* **Assigned task**
Look through the listing below for the line containing "Strong Nylon Dog". Copy it and each line after it up to and including the line containing "Landscape view of", exactly, leaving out pictures.

--- Material for this task Enclosed Below ---

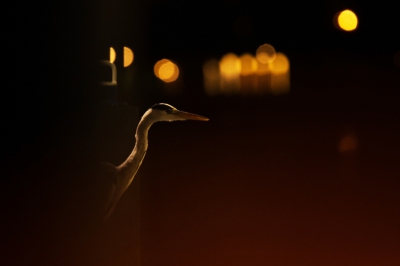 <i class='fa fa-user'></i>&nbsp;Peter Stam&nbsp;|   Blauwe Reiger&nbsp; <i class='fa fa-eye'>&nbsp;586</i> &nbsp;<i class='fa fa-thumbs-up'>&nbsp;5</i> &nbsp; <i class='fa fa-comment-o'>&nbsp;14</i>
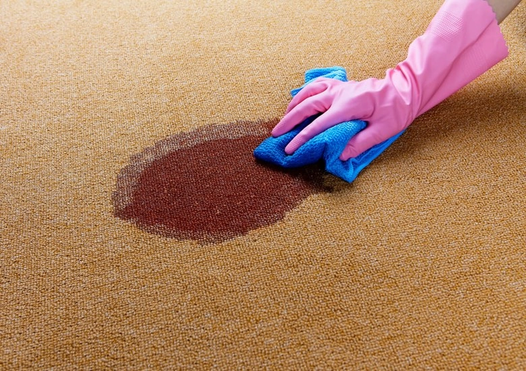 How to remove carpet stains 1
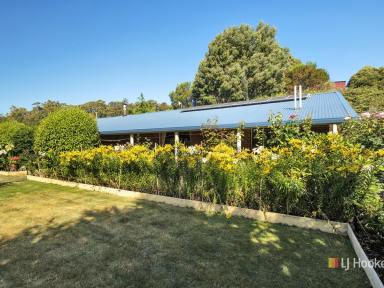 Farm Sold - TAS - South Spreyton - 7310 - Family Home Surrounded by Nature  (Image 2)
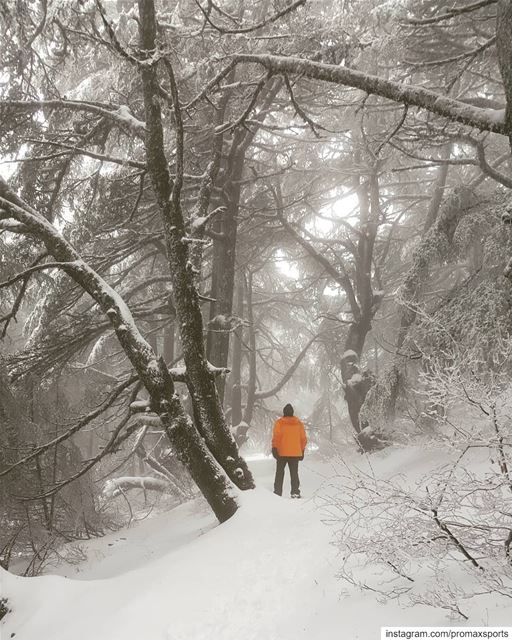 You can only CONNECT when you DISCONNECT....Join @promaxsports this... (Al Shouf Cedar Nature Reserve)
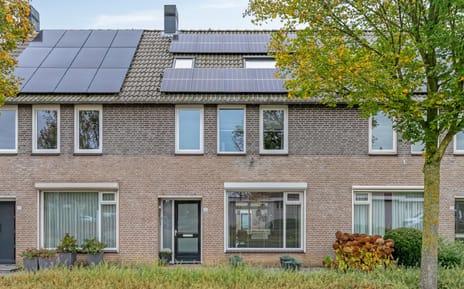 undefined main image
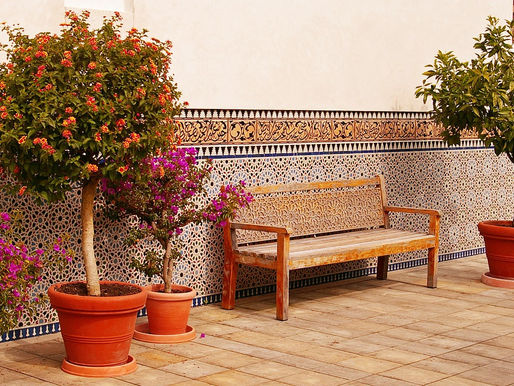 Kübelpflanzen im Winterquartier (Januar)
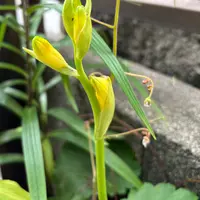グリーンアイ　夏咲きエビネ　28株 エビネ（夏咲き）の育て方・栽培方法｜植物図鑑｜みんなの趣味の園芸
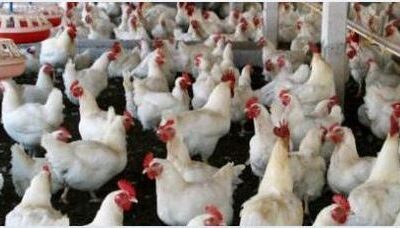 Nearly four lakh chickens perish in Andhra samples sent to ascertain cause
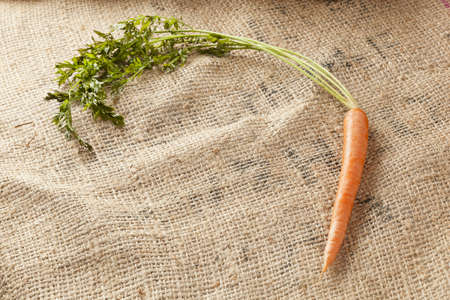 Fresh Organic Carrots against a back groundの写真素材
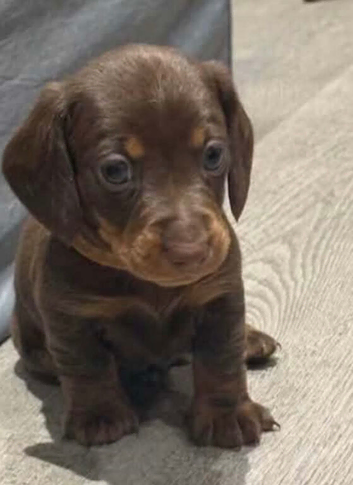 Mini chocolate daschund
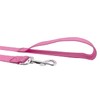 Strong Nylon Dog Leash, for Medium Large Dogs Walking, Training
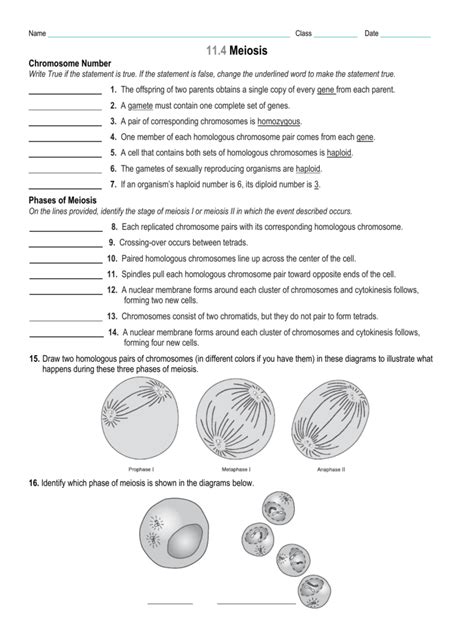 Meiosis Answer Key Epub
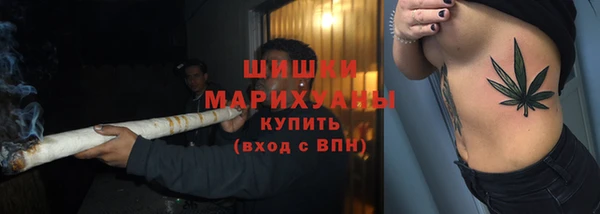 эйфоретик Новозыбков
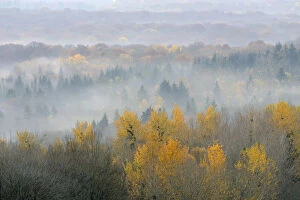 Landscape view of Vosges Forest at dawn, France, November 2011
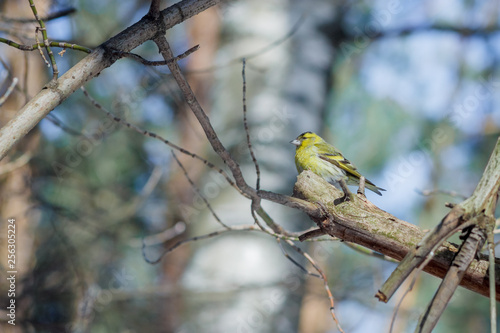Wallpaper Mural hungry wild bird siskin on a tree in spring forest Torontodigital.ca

--- End of Enclosed Material for this task ---

* **Result of this exercise**
 Strong Nylon Dog Leash, for Medium Large Dogs Walking, Training
 Meiosis Answer Key Epub
 эйфоретик Новозыбков
 Landscape view of Vosges Forest at dawn, France, November 2011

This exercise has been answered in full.